The Sonoma Coast Villa, Friday Dec. 27, 2013, located between Valley Ford and Bodega on Highway 1, will be converted into a high-end residential facility with the main focus on treating Fortune 500 CEO's, sports stars and other high profile clients that have addiction to pain killers. For now the Villa is still open for business as a resort/hotel. (Kent Porter / Press Democrat) 2013

New owner wants to turn Bodega hotel into drug treatment center

The owner of a Mediterranean-style luxury hotel near Bodega wants to convert the place to a residential treatment facility for people trying to kick their dependence on pain medication.

"There's a big need," said Perry Litchfield, a San Rafael businessman who bought the 60-acre Sonoma Coast Villa & Spa three years ago with an eye on such a conversion.

Dependence on physician-prescribed narcotics is "becoming worse and worse" among people who get hooked, often while recovering from surgery or injury, said Litchfield, a licensed attorney, general contractor and real estate broker, as well as a certified chemical dependency counselor.

For Litchfield, a 57-year-old recovering alcoholic, there's also a personal element to the project, based on the pay-it-forward principle included in the Alcoholics Anonymous 12-step program.

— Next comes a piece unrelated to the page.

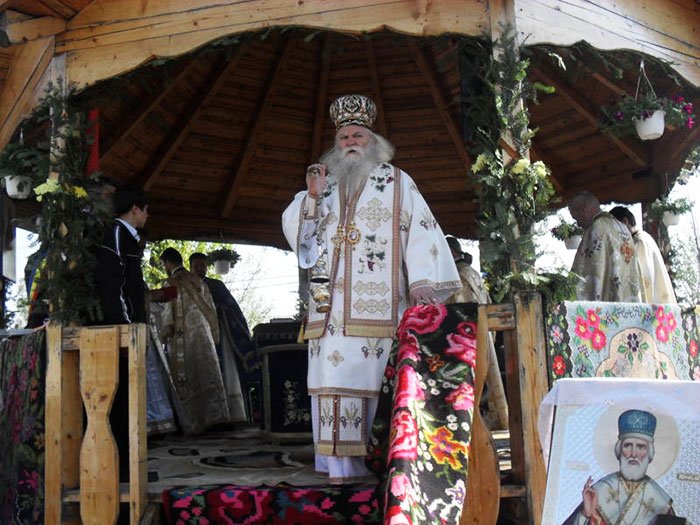 Tradiţia slujirii arhiereşti în parohia Andrieşeni 105405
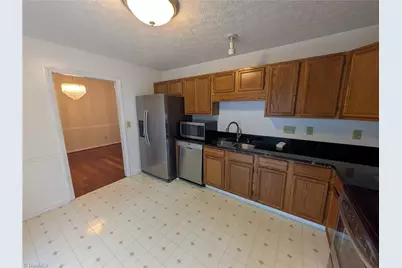 6008 Yeaton Glen Drive, Winston-Salem, NC 27107 - Photo 4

The 12th step says: "Having had a spiritual awakening as the result of these steps, we tried to carry this message to alcoholics, and to practice these principles in all our affairs."

To Litchfield, that means "by helping others to achieve sobriety you will keep your own."

The 18-room inn with red tile roofs and stucco walls in the countryside along Highway 1 might seem an unusual setting for the purpose, but Litchfield said it will provide an upscale clientele the "setting they are accustomed to."

The facility will cater to professionals — business executives, lawyers, doctors, pilots "and the occasional celebrity" — as well as middle-class patients, he said.

A rural retreat since 1982, the villa has hosted John Travolta and Robert Duvall. Rates range from $155 to $325 per night for rooms and suites with fireplaces, radiant floor heating and jetted tubs.

"You shouldn't have to lower your standards to get help," Litchfield said.

The Sonoma County Board of Zoning Adjustments approved Litchfield's request for a permit to operate a 32-bed residential care facility in November, but an appeal filed by two Petaluma residents will put the matter before the Board of Supervisors.

Al and Joe Bordessa filed the appeal, challenging the compatibility of a residential care facility with its rural setting.

Even if the clients are intended to be wealthy and the facility will have strict rules, the appeal said: "These are not measures that can be made operational and become part of the project condition."

Joe Bordessa could not be reached for comment on Friday.

Litchfield opened a treatment facility called Bayside Marin in San Rafael in 2004, including a chronic pain treatment program. He sold it in 2007 to CRC Health Group, a subsidiary of Bain Capital, with the provision that he stay out of the treatment industry for five years.

Treating patients who need to get off opiates and find alternatives to pain management, such as acupuncture, biofeedback and physical therapy, will be the focus of the new facility.

Litchfield said he had hoped to open by mid-summer, but doesn't know how long it will take to get the appeal before the supervisors and obtain a state license.

Litchfield said he bought the foreclosed hotel from a bank and retained the former owners, Johannes and Ingrid Zachbauer, as operators pending the conversion to a treatment facility.